Le responsabilità del ministro Foti, a questo riguardo, sono praticamente nulle, visto che è entrato in carica da pochi mesi, e al suo stesso predecessore Fitto si può imputare per lo più solo un eccesso di ottimismo, non avendo mai preso ufficialmente in considerazione l’ipotesi che l’impegno complessivo di spesa, pur con gli aggiustamenti di tiro effettuati, non potesse essere portato a termine. Maggiori appaiono le ‘colpe’ dei governi Conte e Draghi, che troppo tempo hanno impiegato per individuare le opere e consentire che il piano divenisse finalmente operativo.
A febbraio il Governo Meloni cercherà con Bruxelles un accordo per una rimodulazione degli interventi, sulla falsariga di quello già ottenuto da Fitto nel corso del suo mandato. Saranno depennate opere irrealizzabili nei tempi fissati, sostituite con altri interventi. Per quanto si possa essere ottimisti, tuttavia, autorevoli esperti come Ercole Incalza sottolineano che, alla fine di giugno del prossimo anno, al massimo potranno essere stati spesi tra gli 80 e i 90 miliardi di euro.
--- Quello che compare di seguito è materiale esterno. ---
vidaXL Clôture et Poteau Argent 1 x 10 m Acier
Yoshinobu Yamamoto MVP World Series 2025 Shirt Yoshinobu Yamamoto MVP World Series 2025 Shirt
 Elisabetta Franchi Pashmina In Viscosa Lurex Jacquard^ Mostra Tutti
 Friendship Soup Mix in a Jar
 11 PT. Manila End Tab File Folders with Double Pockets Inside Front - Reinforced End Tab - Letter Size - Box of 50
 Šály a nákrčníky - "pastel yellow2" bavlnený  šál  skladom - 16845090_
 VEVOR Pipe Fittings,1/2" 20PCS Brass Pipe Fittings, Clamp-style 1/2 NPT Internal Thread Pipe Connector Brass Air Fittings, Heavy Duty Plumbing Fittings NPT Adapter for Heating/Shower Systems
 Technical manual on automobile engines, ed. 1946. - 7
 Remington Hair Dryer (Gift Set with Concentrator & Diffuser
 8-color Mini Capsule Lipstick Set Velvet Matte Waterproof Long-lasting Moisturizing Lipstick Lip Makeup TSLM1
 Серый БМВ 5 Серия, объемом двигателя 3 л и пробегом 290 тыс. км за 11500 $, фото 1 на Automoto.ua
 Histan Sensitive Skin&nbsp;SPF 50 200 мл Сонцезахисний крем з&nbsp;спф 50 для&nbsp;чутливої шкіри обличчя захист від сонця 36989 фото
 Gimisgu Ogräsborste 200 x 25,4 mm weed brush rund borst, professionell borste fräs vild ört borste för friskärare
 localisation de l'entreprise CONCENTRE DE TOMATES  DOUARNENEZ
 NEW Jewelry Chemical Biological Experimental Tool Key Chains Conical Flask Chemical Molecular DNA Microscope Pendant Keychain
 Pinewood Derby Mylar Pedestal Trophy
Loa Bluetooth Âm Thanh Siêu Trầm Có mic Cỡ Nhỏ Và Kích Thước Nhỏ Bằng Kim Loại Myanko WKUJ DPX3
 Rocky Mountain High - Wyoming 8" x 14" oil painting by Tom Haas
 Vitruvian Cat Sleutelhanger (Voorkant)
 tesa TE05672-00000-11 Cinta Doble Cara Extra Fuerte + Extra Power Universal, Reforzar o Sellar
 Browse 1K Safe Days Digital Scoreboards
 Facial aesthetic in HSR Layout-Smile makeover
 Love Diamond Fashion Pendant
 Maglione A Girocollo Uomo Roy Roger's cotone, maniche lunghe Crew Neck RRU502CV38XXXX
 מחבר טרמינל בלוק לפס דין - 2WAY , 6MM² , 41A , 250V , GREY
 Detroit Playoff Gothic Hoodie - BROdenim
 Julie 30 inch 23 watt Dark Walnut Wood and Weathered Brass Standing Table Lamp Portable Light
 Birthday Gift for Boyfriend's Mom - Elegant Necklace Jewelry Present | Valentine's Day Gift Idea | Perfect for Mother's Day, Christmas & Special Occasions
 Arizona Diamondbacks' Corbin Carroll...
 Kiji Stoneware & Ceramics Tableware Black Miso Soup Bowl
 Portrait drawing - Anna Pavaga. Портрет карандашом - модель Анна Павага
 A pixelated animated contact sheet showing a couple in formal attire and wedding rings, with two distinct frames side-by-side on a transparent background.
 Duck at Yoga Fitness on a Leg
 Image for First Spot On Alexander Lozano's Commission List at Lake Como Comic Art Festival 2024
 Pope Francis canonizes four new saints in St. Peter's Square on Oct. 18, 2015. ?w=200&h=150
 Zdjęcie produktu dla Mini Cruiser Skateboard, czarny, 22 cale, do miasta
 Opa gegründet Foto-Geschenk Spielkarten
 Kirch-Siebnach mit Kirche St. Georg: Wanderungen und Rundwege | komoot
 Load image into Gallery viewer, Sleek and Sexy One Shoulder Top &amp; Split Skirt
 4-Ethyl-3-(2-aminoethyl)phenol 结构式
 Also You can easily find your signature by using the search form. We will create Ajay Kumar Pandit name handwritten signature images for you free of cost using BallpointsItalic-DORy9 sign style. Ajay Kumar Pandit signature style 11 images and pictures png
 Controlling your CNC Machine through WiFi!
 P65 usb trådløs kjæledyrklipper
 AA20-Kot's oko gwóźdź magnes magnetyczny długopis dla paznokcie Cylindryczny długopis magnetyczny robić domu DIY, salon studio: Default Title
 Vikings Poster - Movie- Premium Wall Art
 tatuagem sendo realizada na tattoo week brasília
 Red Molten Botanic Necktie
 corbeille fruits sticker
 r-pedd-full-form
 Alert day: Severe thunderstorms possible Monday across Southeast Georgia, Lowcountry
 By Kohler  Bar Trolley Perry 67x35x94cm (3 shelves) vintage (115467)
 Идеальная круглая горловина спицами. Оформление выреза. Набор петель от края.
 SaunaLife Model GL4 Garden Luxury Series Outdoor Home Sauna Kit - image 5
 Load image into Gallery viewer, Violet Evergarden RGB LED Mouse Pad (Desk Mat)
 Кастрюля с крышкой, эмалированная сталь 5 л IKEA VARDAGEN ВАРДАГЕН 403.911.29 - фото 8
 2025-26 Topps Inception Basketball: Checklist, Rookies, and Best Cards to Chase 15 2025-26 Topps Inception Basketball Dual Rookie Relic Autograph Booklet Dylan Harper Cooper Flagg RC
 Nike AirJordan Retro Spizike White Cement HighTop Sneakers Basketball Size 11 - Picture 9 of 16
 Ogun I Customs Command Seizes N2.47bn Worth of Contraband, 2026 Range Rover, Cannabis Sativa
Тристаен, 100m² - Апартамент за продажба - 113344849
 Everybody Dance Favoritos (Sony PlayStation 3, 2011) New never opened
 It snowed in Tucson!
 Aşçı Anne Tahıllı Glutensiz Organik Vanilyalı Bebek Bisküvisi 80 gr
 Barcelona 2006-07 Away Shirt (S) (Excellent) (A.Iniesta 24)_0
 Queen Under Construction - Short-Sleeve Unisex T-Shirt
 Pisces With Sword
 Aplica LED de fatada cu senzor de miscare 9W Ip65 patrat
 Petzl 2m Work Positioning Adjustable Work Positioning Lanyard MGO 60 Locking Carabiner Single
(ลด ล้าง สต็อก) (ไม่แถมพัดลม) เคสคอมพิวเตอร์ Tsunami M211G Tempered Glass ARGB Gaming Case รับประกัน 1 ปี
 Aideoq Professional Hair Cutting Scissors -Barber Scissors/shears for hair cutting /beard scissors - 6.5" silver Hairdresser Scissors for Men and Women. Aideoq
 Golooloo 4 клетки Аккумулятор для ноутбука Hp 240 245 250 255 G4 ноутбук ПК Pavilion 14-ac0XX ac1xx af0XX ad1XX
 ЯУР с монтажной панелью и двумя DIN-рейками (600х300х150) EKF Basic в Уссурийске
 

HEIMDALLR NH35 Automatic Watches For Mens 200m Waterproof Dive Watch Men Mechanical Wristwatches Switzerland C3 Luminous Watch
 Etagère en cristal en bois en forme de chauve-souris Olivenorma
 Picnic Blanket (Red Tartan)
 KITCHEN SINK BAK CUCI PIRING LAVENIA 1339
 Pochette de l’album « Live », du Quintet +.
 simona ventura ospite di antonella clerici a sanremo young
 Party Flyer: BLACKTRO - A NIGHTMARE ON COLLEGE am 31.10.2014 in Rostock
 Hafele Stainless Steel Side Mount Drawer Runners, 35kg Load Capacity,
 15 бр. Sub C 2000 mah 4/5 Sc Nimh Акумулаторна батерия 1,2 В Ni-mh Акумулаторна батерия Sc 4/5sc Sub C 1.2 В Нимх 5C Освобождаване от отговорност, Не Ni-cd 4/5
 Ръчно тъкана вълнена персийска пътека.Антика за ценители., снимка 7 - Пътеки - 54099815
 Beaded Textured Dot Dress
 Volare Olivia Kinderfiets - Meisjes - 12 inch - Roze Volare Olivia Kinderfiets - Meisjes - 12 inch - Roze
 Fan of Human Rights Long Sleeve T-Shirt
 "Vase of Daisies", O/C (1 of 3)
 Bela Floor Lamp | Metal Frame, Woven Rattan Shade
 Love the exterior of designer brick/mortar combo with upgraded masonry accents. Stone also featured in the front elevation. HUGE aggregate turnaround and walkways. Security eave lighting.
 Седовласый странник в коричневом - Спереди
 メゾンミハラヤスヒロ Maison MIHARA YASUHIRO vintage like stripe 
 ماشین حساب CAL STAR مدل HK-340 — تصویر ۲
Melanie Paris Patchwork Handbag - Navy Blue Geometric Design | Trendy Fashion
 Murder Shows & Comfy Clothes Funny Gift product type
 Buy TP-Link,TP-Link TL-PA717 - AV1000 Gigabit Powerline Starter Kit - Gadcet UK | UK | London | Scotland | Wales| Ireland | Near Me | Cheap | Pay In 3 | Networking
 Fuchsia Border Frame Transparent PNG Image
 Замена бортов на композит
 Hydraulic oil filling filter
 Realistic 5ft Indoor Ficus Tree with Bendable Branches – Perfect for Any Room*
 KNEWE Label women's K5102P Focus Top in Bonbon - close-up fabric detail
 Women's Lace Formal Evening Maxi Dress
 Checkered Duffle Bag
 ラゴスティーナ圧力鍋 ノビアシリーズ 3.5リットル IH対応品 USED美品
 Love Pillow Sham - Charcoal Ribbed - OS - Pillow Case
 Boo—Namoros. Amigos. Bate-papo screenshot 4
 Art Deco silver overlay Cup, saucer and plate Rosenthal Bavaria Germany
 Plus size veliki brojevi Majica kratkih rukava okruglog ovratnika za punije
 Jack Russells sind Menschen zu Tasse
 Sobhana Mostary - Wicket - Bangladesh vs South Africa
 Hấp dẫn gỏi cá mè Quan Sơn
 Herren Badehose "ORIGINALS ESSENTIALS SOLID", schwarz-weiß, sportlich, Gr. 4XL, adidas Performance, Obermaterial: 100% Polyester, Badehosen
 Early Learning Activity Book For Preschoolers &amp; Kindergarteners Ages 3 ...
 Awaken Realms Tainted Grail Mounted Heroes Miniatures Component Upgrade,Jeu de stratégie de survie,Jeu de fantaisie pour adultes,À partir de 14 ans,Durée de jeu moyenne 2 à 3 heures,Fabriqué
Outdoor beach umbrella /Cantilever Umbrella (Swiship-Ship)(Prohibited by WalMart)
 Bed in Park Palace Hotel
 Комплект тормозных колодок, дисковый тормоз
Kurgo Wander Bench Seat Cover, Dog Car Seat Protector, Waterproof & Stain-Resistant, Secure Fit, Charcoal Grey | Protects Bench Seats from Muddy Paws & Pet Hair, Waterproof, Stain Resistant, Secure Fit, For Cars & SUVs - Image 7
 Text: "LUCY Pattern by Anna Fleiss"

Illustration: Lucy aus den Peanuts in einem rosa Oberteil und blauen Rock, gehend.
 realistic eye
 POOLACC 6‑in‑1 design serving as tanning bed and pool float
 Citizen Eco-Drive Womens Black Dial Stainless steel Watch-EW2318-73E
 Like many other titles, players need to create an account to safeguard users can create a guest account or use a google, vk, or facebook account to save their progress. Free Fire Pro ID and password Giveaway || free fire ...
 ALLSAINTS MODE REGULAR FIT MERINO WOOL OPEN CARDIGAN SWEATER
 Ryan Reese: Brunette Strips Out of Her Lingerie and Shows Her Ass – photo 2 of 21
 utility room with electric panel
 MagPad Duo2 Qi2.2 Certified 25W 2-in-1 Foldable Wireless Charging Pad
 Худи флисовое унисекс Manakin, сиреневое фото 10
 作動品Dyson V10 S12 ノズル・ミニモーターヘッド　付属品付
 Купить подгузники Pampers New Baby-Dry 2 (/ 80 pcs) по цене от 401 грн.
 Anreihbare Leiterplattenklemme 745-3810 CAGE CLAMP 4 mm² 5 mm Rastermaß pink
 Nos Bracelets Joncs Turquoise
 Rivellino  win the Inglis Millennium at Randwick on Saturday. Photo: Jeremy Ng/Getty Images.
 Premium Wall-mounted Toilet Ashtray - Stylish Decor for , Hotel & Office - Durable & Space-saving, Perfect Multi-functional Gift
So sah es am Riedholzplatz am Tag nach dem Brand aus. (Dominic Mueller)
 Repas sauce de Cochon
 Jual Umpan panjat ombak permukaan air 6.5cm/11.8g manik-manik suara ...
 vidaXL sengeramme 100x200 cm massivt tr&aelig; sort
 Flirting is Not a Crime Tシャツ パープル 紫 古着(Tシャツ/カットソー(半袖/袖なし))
Equivale a dire che un centinaio di miliardi saranno rispediti al mittente, senza tenere in conto l’eventualità che Bruxelles possa infliggere sanzioni all’Italia per il parziale fallimento dell’obiettivo.
Il danneggiato maggiore per il flop Pnrr sarà, in ogni caso, il Mezzogiorno. Come ha rimarcato Foti, il governo intende rispettare il vincolo del 40% per il Sud, “anche perché il Mezzogiorno ha dimostrato di utilizzare al meglio i fondi e di farne volano per una crescita” che, nel 2024, “è stata superiore a quella del Nord”. Parole che, involontariamente, hanno il sapore di una beffa. Se, invece del 40%, al Sud fosse stato concentrato il 70-75% e tutte le istituzioni avessero puntato a ridurre drasticamente il gap territoriale grazie al Piano, con tutta probabilità si sarebbe evitato di perdere una straordinaria occasione per l’Italia.